500-049 – Repression of the Cell Wall Invertase Inhibitors increase seed yield in Camelina sativa

Presenter:  Brianne Edwards

Tuesday, Jul 17

1:30 PM – 3:00 PM

While Camelina sativa has great potential as a bioenergy crop due to its high seed oil content and low requirements for agricultural input of water and fertilizer, its yields are too low to compete with other current oil seed crops. To increase seed yield in Camelina, we have engineered the regulation of apoplasmic loading of sucrose into the phloem. Sucrose as a product of photosynthesis is transported from the photosynthetic active (green) source tissues like leaves to the non-photosynthetic sink tissues like roots, flowers and seed via the phloem. Export and import of sucrose between phloem and sink or source tissues is at least in part controlled by Cell Wall Invertases (CINV). These CINVs are regulated by proteinaceous inhibitors, the Cell Wall Invertase Inhibitors (CWIIs). These CWII regulate the CINV activity by binding to the active side in response to apoplasmic sucrose concentration and pH. We have generated CWIIs silenced RNAi lines to understand the role of the inhibitors on the physiology and gene expression in source tissue. Plants with reduced CWII protein developed faster, had higher vegetative biomass (>20%), higher rates of photosynthesis, and increased seed yield (40-80%). RNAseq analysis of CWII RNAi lines showed over 400 differentially expressed genes when compared with wild type transcriptome data. These results will allow us to characterize overall changes in the expression of genes in metabolic pathways involved in the phenotypic changes. Acknowledgement: This research is funded by DOE awards AR-0000207 and DE-SC0018269.

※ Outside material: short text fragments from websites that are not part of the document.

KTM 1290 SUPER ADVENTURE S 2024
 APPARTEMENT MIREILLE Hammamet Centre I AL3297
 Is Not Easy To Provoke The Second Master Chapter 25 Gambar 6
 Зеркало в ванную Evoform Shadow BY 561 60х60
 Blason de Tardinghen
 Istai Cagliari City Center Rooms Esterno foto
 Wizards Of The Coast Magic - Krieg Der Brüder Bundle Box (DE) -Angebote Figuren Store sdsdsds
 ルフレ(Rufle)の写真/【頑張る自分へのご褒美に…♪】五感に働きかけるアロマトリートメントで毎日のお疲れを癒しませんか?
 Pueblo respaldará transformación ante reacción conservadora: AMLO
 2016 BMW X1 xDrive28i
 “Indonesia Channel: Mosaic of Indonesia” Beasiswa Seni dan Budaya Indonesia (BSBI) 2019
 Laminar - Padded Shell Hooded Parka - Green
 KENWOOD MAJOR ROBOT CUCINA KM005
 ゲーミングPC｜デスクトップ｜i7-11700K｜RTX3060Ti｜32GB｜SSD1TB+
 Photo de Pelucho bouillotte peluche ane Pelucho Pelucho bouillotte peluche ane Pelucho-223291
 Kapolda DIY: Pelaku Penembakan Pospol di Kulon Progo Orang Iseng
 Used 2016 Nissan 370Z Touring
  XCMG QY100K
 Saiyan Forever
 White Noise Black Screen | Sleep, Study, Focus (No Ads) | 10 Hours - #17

1000-071 – Evaluating components of the Common Symbiosis Pathway in nonmycorrhizal plants

Presenter:  Eli Hornstein

Tuesday, July 17th

1:30 PM – 3:00 PM

Arbuscular mycorrhizae (AM) are central to rhizosphere relations in the large majority of plant species. Via its impact on nutrient uptake and stress resistance this symbiosis therefore also underlies patterns of wild species distribution and domestic agricultural productivity. However, the mechanisms that permit plants to recognize, accept, and regulate colonization by fungal symbionts are not yet fully understood. This study uses knock-in of the mycorrhizae-necessary gene Interacting Protein of DMI3 (IPD3) in the nonmycorrhizal oilseed crop Camelina sativa (Brassicaceae) to help address both the above questions and the issue of why a small minority of plant species have lost the ability to form mycorrhizae at all. IPD3 is a member of the Common Symbiosis Pathway (CSP) which enables fungal signals to be received by the plant and transduced into transcriptional changes of genes directly implicated in cell restructuring and nutrient exchange. Putative orthologs of 11 genes belonging to the CSP were identified in Camelina by protein sequence and structural similarity. In mycorrhizal host plants IPD3 is an inducible transcription factor at the center of the transduction chain comprising those 11 genes. In contrast to the other CSP elements with which it interacts, no putative ortholog of IPD3 was identified in Camelina. To begin determining whether any of the remaining CSP orthologs retain their symbiotic function, 7 lines of Camelina bearing the IPD3 coding sequence from Medicago truncatula were generated. Transgenic lines are currently being phenotyped for their response to exposure to the model AM fungus Rhizophagus irregularis. Transgenic lines will also be compared to wildtype Camelina and Medicago for relative expression changes of the interacting CSP genes before and after insertion of IPD3, and with and without exposure to the symbiont. This work is supported by BER grant DE-SC0018269.